Lord Arral was the only one in the room – the metal had not come from some other demon creeping in through the large, stained glass windows depicting crumbling ruins and ancient towers. The light that shone from candles flickered along him and along the chains that bound his arms above and behind his head. He was nude and bound, his massive form forced to his knees, giving her a look upon the Lord of Ruin unlike any that Cae would have ever imagined possible. His form was ... superficially, humanoid. Yes, his skin was the inky black of darkest night, but he lacked the eerie insectoid nature of Dee or the greyhound proportions of Rue, or the flaming sparks of Citri. The only inhuman thing, other than his sheer scale, was the antlers that thrust from either side of his brows.

But then, looking closer, she saw the seams and the lines cut into his skin. There were breaks all through the Lord of Ruin’s body, spots where his skin wished to come apart – and from between those lines, flickering and glimmering, was a light. It seemed to flow through his body irregularly, as if there was a sun contained in his chest, bounding here and there, trying desperately to find a place to escape. His broad chest had a large crack in it, right where his breastbone met the curve of his upper left rib. That crack shone and flickered intermittently as his inner light slipped and shifted. His belly muscles were a cliff-wall of masculine power, heavy slabs that perfectly counterpointed the broad weight of his shoulders, and his thighs were thick enough as well – battering ram legs that ended in powerful hooves, another inhumanity that contrasted beautiful with the rest of his ... his ... sheer perfection.

His cock, titanic as befitted the rest of his body, was contained within a rusted cage of steel, trying to harden and remaining trapped. His lips were bound and gagged. His head was bowed, but had jerked up when Cae entered into the room. His eyes widened and he remained very still as Dee stepped up behind her.

“W ... What is...”

“You need to leave,” Dee’s voice was a low, sharp growl. “This is not for you.”

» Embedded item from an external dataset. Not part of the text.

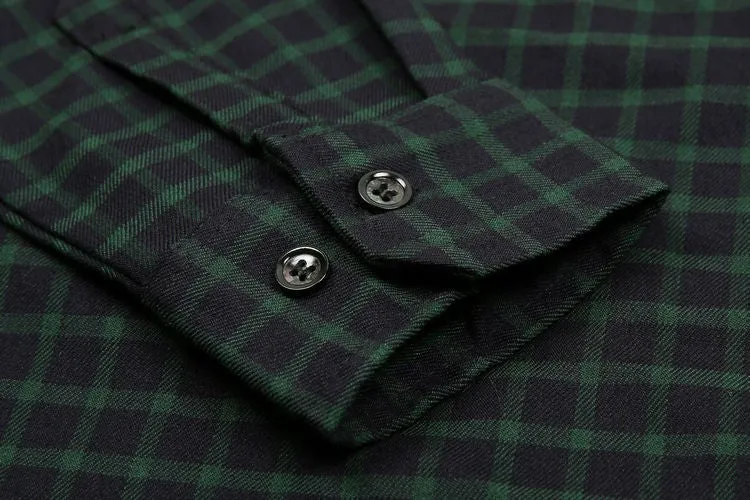 Men's Long Sleeve Plaid Dress Shirt, Cotton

“You’re ... torturing him!?” Cae snarled. She turned, then grabbed onto the frock of the slender Baron. She lifted him with one hand, pinning him to the wall. “You torment your own master, you worm!”

Dee gasped, then actually laughed. “Angels! Angels!” He cried out. “Heaven save me from Angels!”

“I am no more tormented than I am restrained,” Lord Arral’s voice came, rumbling and amused. Cae turned and saw that, despite the manacles and the chains, he had wrenched his hands free. He stood, and his antlers almost brushed the ceiling.